How to get a tensor of diagonal vectors

I have a tensor which has some diagonal matrices inside it.

tensor([[[-0.2920,  0.0000],
         [ 0.0000, -0.8663]],

        [[-0.2920,  0.0000],
         [ 0.0000, -0.7568]],

        [[-0.3373,  0.0000],
         [ 0.0000, -0.5953]],

        [[-0.0068,  0.0000],
         [ 0.0000, -0.8065]],

        [[-0.1260,  0.0000],
         [ 0.0000, -0.7147]]], grad_fn=<MulBackward0>)

I want to do an operation on this to change this tensor to the following such that I do not lose the gradients because I need to call backward later.
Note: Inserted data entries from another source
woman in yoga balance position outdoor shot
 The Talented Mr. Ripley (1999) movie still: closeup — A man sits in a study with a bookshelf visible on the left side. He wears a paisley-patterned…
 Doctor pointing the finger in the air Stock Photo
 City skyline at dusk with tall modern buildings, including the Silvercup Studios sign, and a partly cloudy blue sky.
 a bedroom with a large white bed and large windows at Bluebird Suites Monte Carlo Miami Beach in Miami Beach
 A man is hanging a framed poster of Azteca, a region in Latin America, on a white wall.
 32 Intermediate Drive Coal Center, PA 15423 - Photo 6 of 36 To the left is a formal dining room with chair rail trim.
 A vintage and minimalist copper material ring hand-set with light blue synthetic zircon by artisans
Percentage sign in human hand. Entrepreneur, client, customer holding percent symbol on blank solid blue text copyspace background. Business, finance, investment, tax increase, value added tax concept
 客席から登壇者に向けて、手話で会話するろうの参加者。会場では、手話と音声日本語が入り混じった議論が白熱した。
tensor([[-0.2920, -0.8663],

        [-0.2920, -0.7568],

        [-0.3373, -0.5953],

        [-0.0068, -0.8065],

        [-0.1260, -0.7147]])

I saw diagonal_embed but it didnt help much. How do I do this?

Hi @Ananyapam_De,

You should be able to do something like,

diagonal_tensors = torch.randn(10, 2).diag_embed() #creates batch of diagonal matrices
diagonal_only = torch.diagonal(diagonal_tensors, 0, -2, -1) #get 0 = diagonal and -2,-1 is over the last two dimensions. 
#returns 
"""
tensor([[ 1.4204,  0.3541],
        [-0.0236, -0.3348],
        [ 0.0364,  0.7933],
        [ 0.4506,  1.5018],
        [-1.2026, -0.0438],
        [ 1.8065,  1.8191],
        [-1.2577,  0.7627],
        [ 0.6864, -0.3432],
        [-0.0303,  0.0384],
        [ 0.0991,  0.4471]])
"""

if you want it the same shape as your example (with the spacing between the rows), you’ll have to unsqueeze the results, i.e.,

 torch.diagonal(diagonal_tensors, 0, -2, -1).unsqueeze(-2)
"""
#returns 
tensor([[[ 1.4204,  0.3541]],

        [[-0.0236, -0.3348]],

        [[ 0.0364,  0.7933]],

        [[ 0.4506,  1.5018]],

        [[-1.2026, -0.0438]],

        [[ 1.8065,  1.8191]],

        [[-1.2577,  0.7627]],

        [[ 0.6864, -0.3432]],

        [[-0.0303,  0.0384]],

        [[ 0.0991,  0.4471]]])
"""

But you can just check the shapes via x.shape if you need to.